Premièrement, bien que la nouvelle Loi sur les cartels de 1995 attribue des compétences de décision à la Comco et définisse sa mission d’agir uniquement dans le sens du respect et de la promotion de la « concurrence efficace », le pouvoir politique, et le Conseil fédéral en particulier, n’a pas pour autant abandonné toutes compétences en ce qui concerne le fonctionnement d’un secteur récemment libéralisé. La Loi sur les cartels prévoit explicitement à ses articles
8 et 11 que, pour des « motifs d’intérêts publics prépondérants », le Conseil fédéral peut, à la demande des entreprises concernées, annuler les décisions de la ComCo.
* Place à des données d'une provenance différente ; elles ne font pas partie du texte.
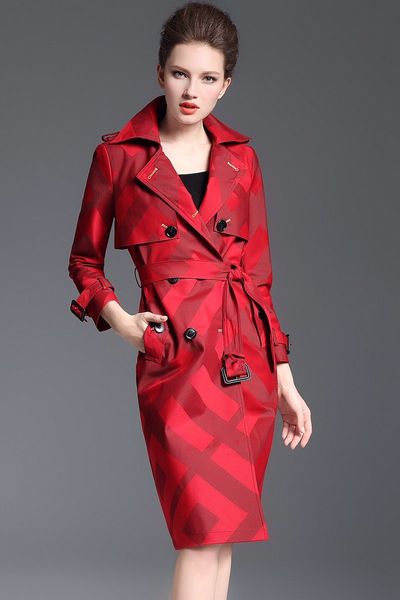 women's trench coats long classic windbreaker waterproof british new high-end english style autumn winter gabadian plaid c74, Tan;black
women's trench coats long classic windbreaker waterproof british new high-end english style autumn winter gabadian plaid c74, Tan;black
Brandir la menace d’une libéralisation brutale et anarchique en cas de refus de la LME sous l’action de la ComCo signifie abdiquer des compétences politiques en faveur des autorités indépendantes de régulation et réduire un enjeu politique à une simple question de respect de la concurrence. Le Conseil fédéral, et la Suisse, ne sauraient en rien se laisser dicter le rythme des processus de libéralisation par la ComCo. Un rejet par le peuple de la LME constituera un motif largement suffisant pour inciter le Conseil fédéral à freiner les ardeurs « libéralisatrices » de la ComCo.
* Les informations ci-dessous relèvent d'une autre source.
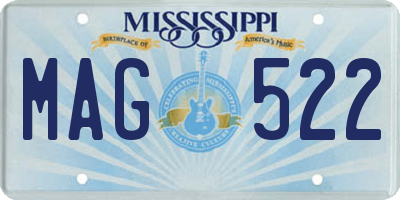 MS license plate MAG522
Deuxièmement, et de manière plus générale, c’est aux autorités politiques, Conseil fédéral et Parlement, à fixer le cadre de l’évolution future des secteurs en voie de libéralisation et à définir les missions de service public dans ces secteurs. Plutôt que de déléguer trop de compétences à ces autorités indépendantes de régulation et à en subir les décisions, le Conseil fédéral se doit de déterminer des règles précises, réglant les compétences respectives des différents acteurs et définissant l’étendue du service public. Cela s’avère absolument nécessaire pour développer une vision stratégique sur l’avenir des services publics. La libéralisation de secteurs économiques, traditionnellement sous monopole et comportant une dimension de service public, ne fait en rien disparaître les enjeux politiques de ces activités. Jusqu’à maintenant, que ce soit dans le secteur des télécommunications ou des services postaux dans une moindre mesure, le Conseil fédéral s’est plutôt distingué par sa passivité et l’absence de développement d’une vision stratégique. Dans le cas de la LME, il semblerait une nouvelle fois, comme dans le cas des télécommunications, que la mission de service public ainsi que le rôle de la future commission d’arbitrage ne soient pas clairement définis (DP 1466).
En conclusion, il s’agit moins de critiquer la ComCo et son travail, même si on pourrait lui reprocher d’avoir été plus particulièrement active dans les secteurs en voie de libéralisation et un peu moins rigoureuse et sévère dans le cas des fusions UBS/SBS ou NQ/Journal de Genève, que mettre les autorités politiques devant leur responsabilité. C’est à elles, et aux citoyens suisses, et non aux autorités indépendantes de régulation, de définir les règles et les conditions futures des processus de libéralisation. Jusqu’à aujourd’hui, les autorités politiques suisses ont eu tendance, d’une part à abandonner certaines de leurs prérogatives et compétences, et d’autre part à subir passivement les événements, voire à se retrancher derrière ces nouvelles autorités de régulation pour justifier leur immobilisme.
André Mach, maître-assistant en science politique à l’Université de Lausanne

Autorités indépendantes de régulation :

Sur le plan général du respect de la concurrence: la ComCo.
Sur un plan sectoriel avec des compétences spécifiques : la Commission de la communication ; l’Office fédéral de la communication pour le domaine de télécommunications ; la future Commission d’arbitrage prévue par la LME en ce qui concerne l’octroi de concessions, la fixation des tarifs d’interconnection, etc.